▶ **Task brief**
Only one number is wanted: the count of lines in the records below that hold the word "image".

(Data for this exercise)

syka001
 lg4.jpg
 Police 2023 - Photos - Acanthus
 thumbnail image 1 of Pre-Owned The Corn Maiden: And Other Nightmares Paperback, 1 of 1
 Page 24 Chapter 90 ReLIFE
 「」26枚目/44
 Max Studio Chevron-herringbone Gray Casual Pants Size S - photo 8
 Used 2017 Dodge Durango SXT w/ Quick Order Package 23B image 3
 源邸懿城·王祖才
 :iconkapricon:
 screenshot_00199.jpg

(End Data for this exercise)

▶ **Answer box**
2